И все же с эпохой социализма в лучших его проявлениях связаны феномены, которые невозможно оценить адекватно со стороны внешнего наблюдателя. К примеру, презрение к «вещизму», квалифицируемое как «мещанство», характерное для 60-х начала 70-х годов. Оно было особенно характерно для молодежи. Хорошо помню, как в студенческие годы в норме был в «моде» расхристанный бедняк-весельчак, способный гульнуть, а потом питаться одними макаронами. И инородными считались богатые и расчетливые.

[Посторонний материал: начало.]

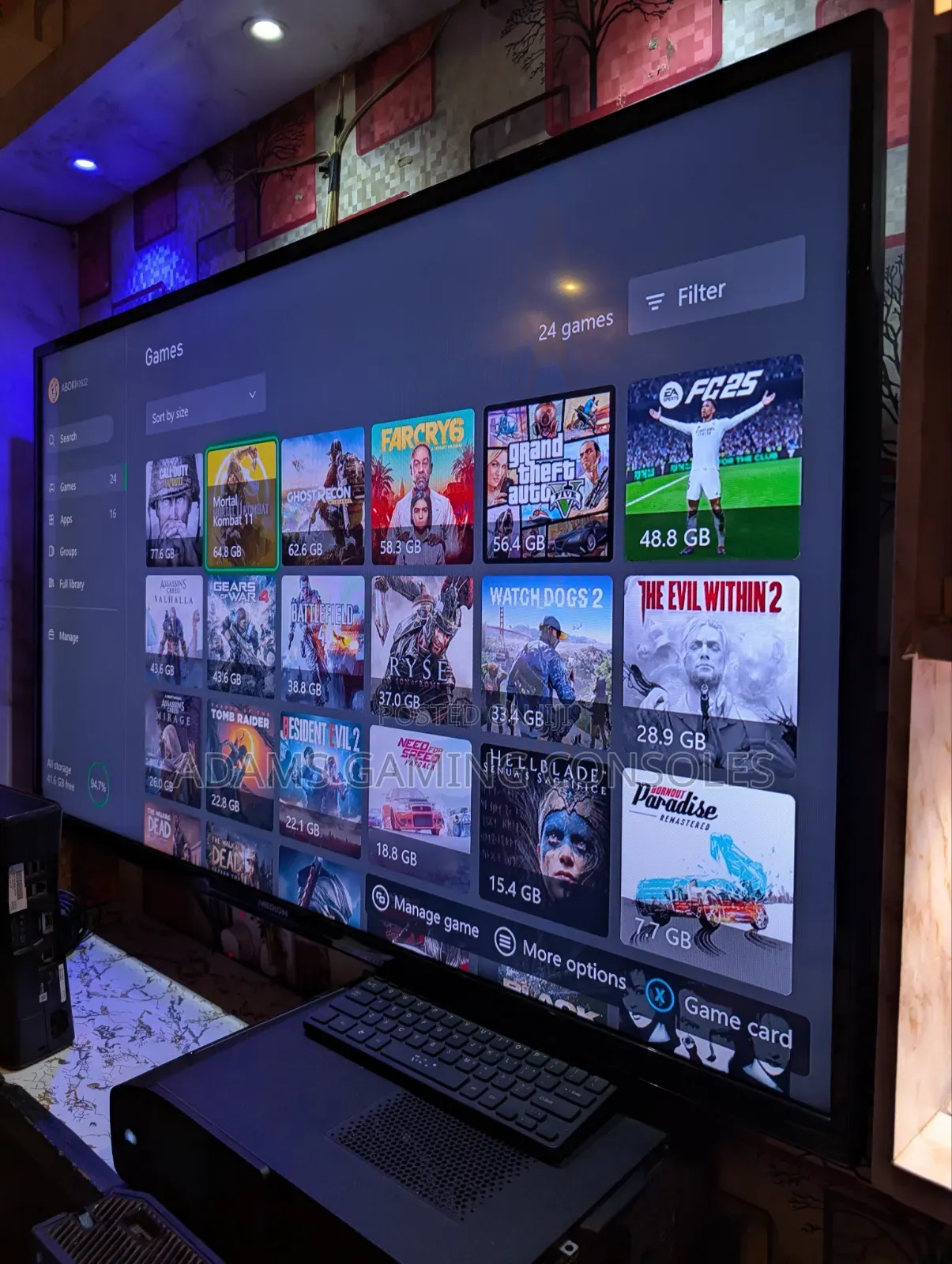 Microsoft Xbox One 1terrabyte 24games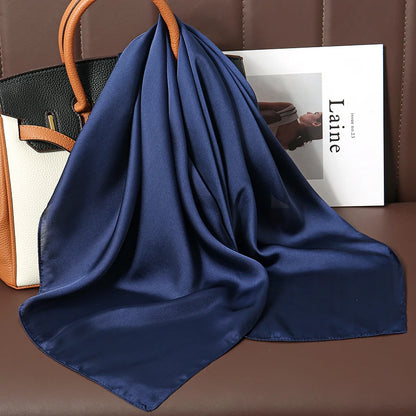 Luxury Silk Square Scarf - 21 Colors 70cm Neck Tie Shawl Womens Hair Bandana  Headscarf - ZOOMNSTORE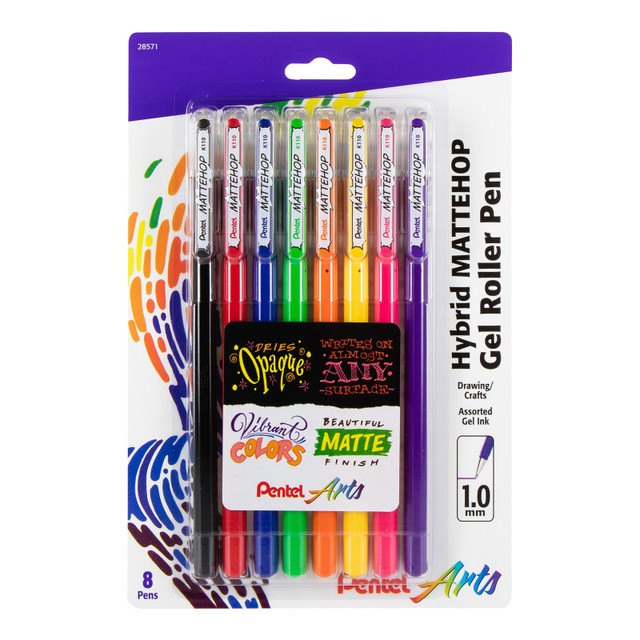 PENTEL OF AMERICA Pentel Arts Hybrid MATTEHOP Gel Roller, 1.0mm, Matte A/B/C/D/F/G/P/V Ink, Pack of 8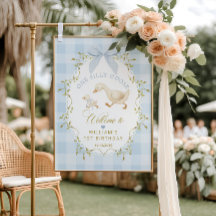 One Silly Goose Blue Gingham Birthday Welcome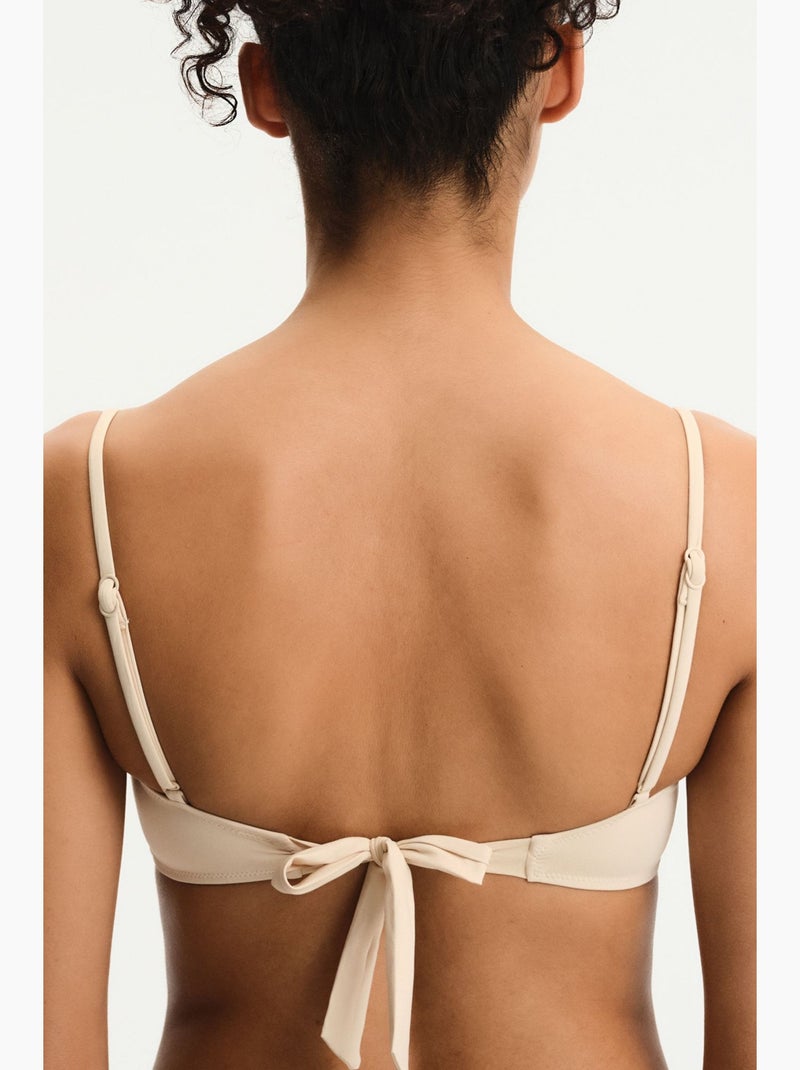 Kaia top de biquíni tomara que caia penti Creme - Kiabi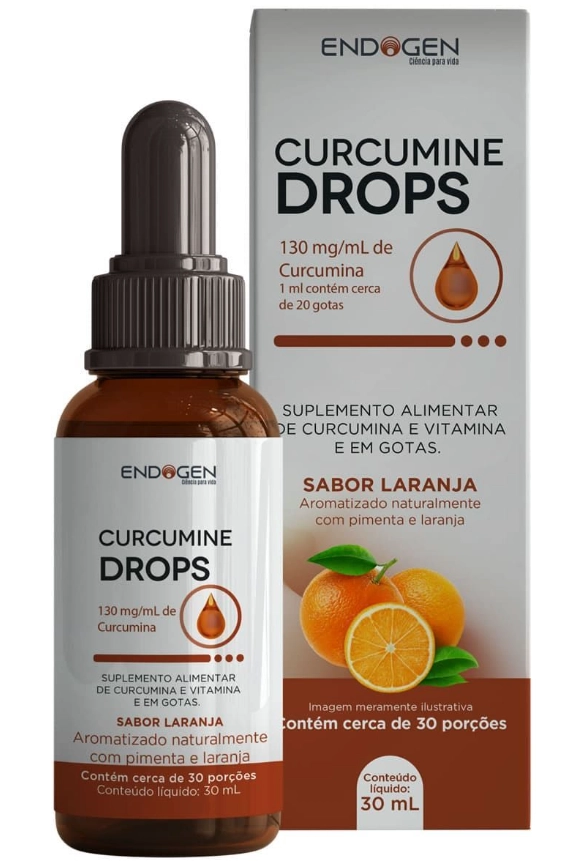 Curcumine Drops, 30Ml, Sabor Laranja, Endogen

К этому же периоду относится такой неповторимый по тематике и интонации мир романтики походов и бардовской песни. Слушая Висбора, Кукина, Клячкина и т.п. нынешний молодой человек в лучшем случае признает, что мелодии чудесные. Но вряд ли поймет этот странную, трогательную – более грубыми словами- душещипательную лирику, поэтизирующую таежный костер, лес, особую теплоту и нежность человеческих отношений людей, которым зачем то надо «за туманом». Конечно, были «трезвенники» и тогда, ерничающие «А я еду, а я еду за деньгами, за туманом ездят только дураки». Но это была целая микрокультура, объединяющая людей, в массе своей просвещенной и критически мыслящей. Как социальное явление, это, безусловно, была форма протеста в виде параллели пошлой «комсомольской бодрятинке». Но она субъективно так не позиционировалась. Большинство и бардов, и их паствы были вполне лояльными и системе, и режиму; более того, власть использовала эти настроения для мобилизации на свои стройки и целину. И в этой романтике были действительно определенные отзвуки тех Великих коммунистических иллюзий, которыми подпитывался социализм. В данной редакции – это были приближенные к реальному времени идеалы чистоты и лирики человеческих отношений, которые нашли свое политическое воплощение в попытке чехов реформировать социализм в 1968-м.

Многие из тех, кто это пережил, тоже были шокированы «крушением ценностей» в лихие 90-е. И тоже с тоской вспоминают порой свою молодость в нежно-сентиментальных красках. И оказываются в одной компании с бывшими своими душителями-мракобесами или беспросветными идеалистами.

Можно ли это отнести к тайнам «русской души»? Пожалуй, да. Но только лишь в том смысле, что социализм в своей целостности породил эпизоды своей эволюции, когда идейные догматы при всей своей глупости и тоталитарной подоплеке (классовая борьба, диктатура пролетариата и т.п. ), рождали и вполне симпатичные формы поведения и интонации отношений, которые кажутся странными извне. И были просветы, когда общественная атмосфера становилась теплой и оптимистичной. Но они тонут в пучине мерзости, которую породила система реалсоциализма с массовым доносительством, догматизмом, жутким конформизмом и стадностью с лютой враждебностью ко всему индивидуальному и т.п. Говорить о какой-то исключительной гуманности и доброте этого социума после всего, что было и что есть – достаточно лишь посмотреть на лица участников киселевско-соловьевских шоу – это, конечно, вопиющий перебор.